In recent weeks, Space Exploration Technologies Corp. (SpaceX) has attracted significant attention in financial markets, particularly following its record-setting initial public offering (IPO). The company successfully raised $75 billion and achieved a staggering valuation of $1.77 trillion during this offering.
Following the IPO, SpaceX saw its stock experience a short-lived surge in its first few trading days. However, by the market close on June 23, the stock had slipped 3% since its initial offering, leading many investors to speculate about future volatility. While fluctuations are common after IPOs, the current pattern for SpaceX appears to be more pronounced than anticipated.
Eager investors are now weighing the potential for future buying opportunities, but experts advise caution. In particular, they recommend waiting at least 90 days before considering further investments in the company. This sentiment is largely driven by the expected influx of additional shares into the market.
The U.S. Securities and Exchange Commission (SEC) encourages companies to implement a lockup period after an IPO to stabilize stock prices. This practice prohibits insiders—including employees and earlier investors—from selling their shares immediately, thereby preventing a sudden influx of shares that could devalue the stock. While the SEC does not mandate a specific lockup period, such measures have become standard in the industry.

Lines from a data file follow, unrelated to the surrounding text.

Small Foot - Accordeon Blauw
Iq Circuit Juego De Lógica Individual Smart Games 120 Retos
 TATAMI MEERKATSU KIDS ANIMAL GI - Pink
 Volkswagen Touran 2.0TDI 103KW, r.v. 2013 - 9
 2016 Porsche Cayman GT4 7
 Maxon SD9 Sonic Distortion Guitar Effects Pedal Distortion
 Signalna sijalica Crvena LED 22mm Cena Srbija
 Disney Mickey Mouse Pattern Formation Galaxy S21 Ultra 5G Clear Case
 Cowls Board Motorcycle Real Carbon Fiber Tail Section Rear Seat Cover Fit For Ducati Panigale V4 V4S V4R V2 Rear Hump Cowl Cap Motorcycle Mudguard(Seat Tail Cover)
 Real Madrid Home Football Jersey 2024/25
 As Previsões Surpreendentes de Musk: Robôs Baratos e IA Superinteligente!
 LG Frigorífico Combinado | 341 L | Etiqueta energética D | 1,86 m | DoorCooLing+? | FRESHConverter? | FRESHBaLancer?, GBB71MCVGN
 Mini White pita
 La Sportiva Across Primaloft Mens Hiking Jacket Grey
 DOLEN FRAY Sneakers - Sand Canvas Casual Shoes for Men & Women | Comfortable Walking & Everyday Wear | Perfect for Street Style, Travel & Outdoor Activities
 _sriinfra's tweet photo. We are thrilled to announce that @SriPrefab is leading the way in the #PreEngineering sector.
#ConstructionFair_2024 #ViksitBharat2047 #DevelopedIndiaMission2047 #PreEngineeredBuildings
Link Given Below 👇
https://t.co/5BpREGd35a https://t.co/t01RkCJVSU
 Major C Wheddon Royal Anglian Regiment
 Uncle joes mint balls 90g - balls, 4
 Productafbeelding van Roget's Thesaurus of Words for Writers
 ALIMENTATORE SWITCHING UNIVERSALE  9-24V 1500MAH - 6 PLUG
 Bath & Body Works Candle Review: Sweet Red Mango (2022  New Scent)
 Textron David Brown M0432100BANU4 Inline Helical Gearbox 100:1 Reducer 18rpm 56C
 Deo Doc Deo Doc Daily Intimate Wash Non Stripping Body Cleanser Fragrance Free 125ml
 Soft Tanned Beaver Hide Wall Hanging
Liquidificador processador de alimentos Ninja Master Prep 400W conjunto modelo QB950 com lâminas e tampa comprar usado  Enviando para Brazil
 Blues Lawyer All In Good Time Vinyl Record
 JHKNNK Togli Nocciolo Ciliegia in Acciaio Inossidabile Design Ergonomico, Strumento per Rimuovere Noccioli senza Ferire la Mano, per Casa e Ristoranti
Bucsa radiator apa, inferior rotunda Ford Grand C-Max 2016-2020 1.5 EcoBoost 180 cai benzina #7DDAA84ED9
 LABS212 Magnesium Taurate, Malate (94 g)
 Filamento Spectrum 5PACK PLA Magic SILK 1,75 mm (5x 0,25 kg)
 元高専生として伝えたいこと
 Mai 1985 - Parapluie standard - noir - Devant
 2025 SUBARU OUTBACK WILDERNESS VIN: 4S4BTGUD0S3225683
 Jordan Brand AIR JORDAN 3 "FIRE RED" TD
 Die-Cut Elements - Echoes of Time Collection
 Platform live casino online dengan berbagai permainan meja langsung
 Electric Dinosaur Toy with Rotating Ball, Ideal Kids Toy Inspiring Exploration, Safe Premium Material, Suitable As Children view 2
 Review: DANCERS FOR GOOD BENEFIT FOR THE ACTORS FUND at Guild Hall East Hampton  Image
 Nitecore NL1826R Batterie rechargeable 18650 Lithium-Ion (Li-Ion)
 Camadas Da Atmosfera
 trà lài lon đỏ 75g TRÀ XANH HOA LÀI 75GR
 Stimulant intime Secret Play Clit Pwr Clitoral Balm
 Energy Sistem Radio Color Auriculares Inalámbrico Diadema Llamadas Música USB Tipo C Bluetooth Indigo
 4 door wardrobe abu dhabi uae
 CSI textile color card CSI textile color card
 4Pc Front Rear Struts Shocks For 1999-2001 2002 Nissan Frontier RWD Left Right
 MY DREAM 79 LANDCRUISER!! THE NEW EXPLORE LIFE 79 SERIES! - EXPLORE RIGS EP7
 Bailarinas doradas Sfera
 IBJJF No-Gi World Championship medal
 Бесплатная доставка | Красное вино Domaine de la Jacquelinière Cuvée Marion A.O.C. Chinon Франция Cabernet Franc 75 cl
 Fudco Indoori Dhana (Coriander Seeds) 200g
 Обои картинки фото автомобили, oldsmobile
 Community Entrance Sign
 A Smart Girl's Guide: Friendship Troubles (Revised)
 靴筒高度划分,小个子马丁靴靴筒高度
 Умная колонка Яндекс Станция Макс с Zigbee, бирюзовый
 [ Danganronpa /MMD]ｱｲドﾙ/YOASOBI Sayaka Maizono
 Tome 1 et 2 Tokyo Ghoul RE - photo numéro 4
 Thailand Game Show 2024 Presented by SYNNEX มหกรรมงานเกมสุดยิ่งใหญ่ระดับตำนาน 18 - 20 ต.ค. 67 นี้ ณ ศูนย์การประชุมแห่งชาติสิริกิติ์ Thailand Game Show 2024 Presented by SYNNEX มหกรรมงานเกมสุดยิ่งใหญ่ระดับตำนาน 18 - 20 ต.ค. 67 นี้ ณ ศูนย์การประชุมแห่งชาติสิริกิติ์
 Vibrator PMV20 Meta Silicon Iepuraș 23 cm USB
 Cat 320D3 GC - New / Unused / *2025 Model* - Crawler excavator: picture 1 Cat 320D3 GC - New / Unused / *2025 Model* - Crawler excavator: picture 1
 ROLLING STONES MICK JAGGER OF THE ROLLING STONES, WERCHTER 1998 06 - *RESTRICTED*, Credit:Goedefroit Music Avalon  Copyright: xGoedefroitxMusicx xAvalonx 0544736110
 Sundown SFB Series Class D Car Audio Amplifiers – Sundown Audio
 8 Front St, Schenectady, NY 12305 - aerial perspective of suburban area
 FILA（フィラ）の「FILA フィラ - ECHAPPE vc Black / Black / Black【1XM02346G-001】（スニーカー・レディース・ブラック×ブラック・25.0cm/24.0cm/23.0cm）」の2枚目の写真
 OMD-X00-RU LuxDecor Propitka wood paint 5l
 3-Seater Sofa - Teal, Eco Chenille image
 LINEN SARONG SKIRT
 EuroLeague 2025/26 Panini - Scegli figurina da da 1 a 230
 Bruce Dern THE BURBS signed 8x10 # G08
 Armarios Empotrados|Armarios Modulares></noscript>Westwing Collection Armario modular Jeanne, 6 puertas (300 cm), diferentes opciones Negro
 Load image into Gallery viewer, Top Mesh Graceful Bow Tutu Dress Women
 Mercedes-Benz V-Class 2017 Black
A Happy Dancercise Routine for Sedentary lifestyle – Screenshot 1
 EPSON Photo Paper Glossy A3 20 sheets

SpaceX initially made only about 4% of its total shares available to public investors through the IPO. As the company meets various milestones, it intends to release more shares to enhance market liquidity. The current lockup schedule outlines multiple phases, during which additional shares will become available for trading.
With the imminent release of more shares, particularly after the 90-day period in September, analysts are concerned that increased selling pressure from insiders could further impact the stock’s performance. While currently less than 10% of SpaceX shares are available for trading, the upcoming releases will significantly enhance liquidity.
Looking forward, the question remains whether SpaceX will prove to be a wise investment. Historically, stocks that debut through blockbuster IPOs tend to underperform in the initial years, though there are exceptions. Investors are advised to reassess the situation after the initial 90-day period and to approach any new investments with caution.
Furthermore, a recent analysis by the Motley Fool’s Stock Advisor team did not include SpaceX among their top investment picks. This suggests a more conservative outlook on the company’s short-term potential compared to other stocks identified as better long-term growth opportunities.
In sum, while SpaceX’s IPO has created considerable buzz, investors are advised to exercise patience and discretion before deciding to increase their positions in the stock. With historical data suggesting that stock prices often fluctuate post-IPO, a careful review after the forthcoming share releases may provide clearer insights into the company’s market trajectory.